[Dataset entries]
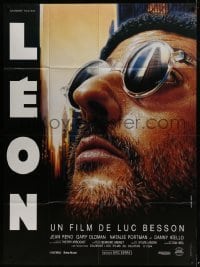 5j890 PROFESSIONAL French 1p 1994 Luc Besson's Leon, super close up Lufroy art of Jean Reno!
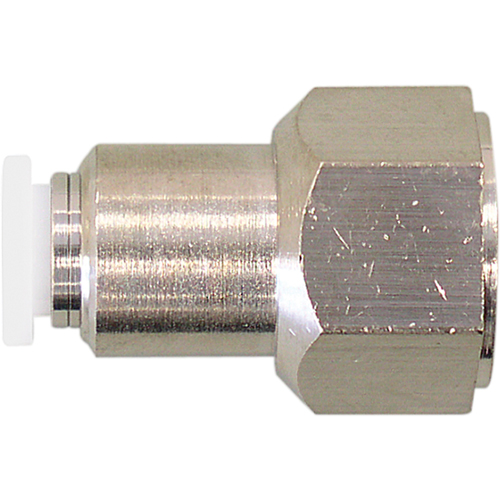 Topfit Female Threaded Straight Connector Fitting, 3/8" Dia, Polymer Les Fournitures Industrielles Méga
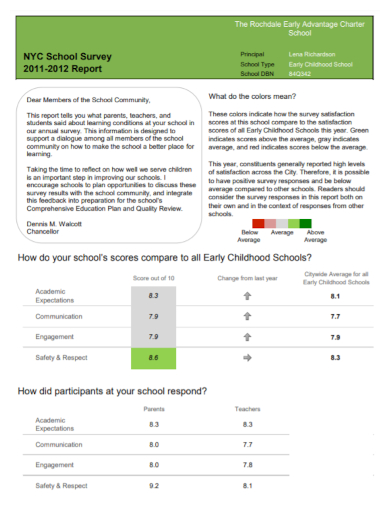 community school survey report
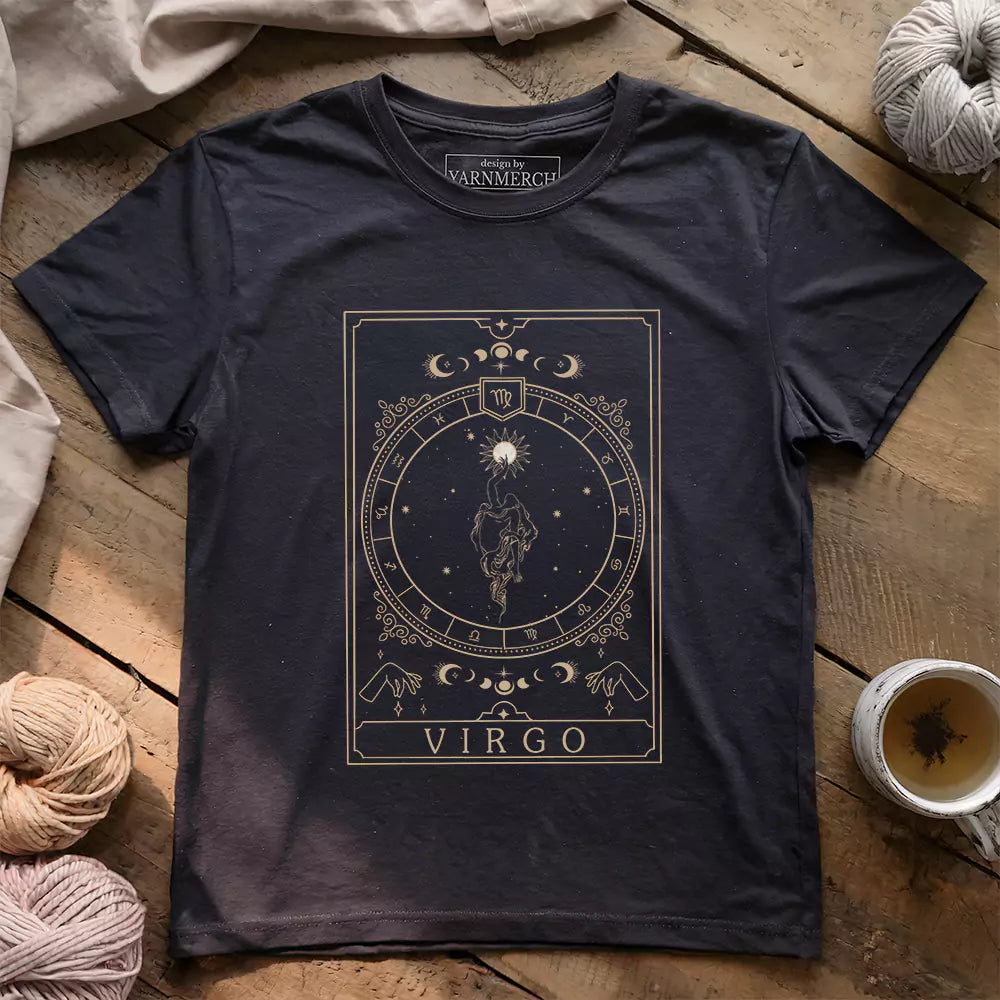 Virgo Yarn Tarot T-shirt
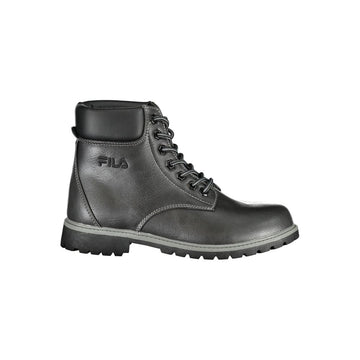 Black Polyester Women Boot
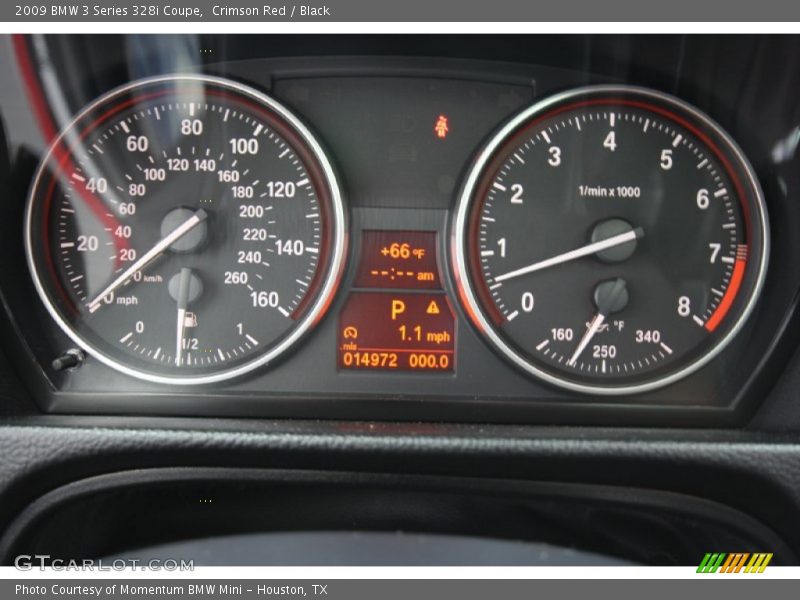 Crimson Red / Black 2009 BMW 3 Series 328i Coupe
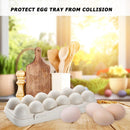 Durable Egg Tray Holder Kitchen Storage Box Fridge Crisper Container Organizer
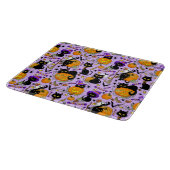 Pumpkin Halloween Candy Black Cats Schneidebrett (Ecke)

## Task requirements
Transcribe every record exactly and omit each image.

## Task output
 5j890 PROFESSIONAL French 1p 1994 Luc Besson's Leon, super close up Lufroy art of Jean Reno!
 Topfit Female Threaded Straight Connector Fitting, 3/8" Dia, Polymer Les Fournitures Industrielles Méga
 community school survey report
 Virgo Yarn Tarot T-shirt
 Black Polyester Women Boot
 Crimson Red / Black 2009 BMW 3 Series 328i Coupe
 Durable Egg Tray Holder Kitchen Storage Box Fridge Crisper Container Organizer
 Pumpkin Halloween Candy Black Cats Schneidebrett (Ecke)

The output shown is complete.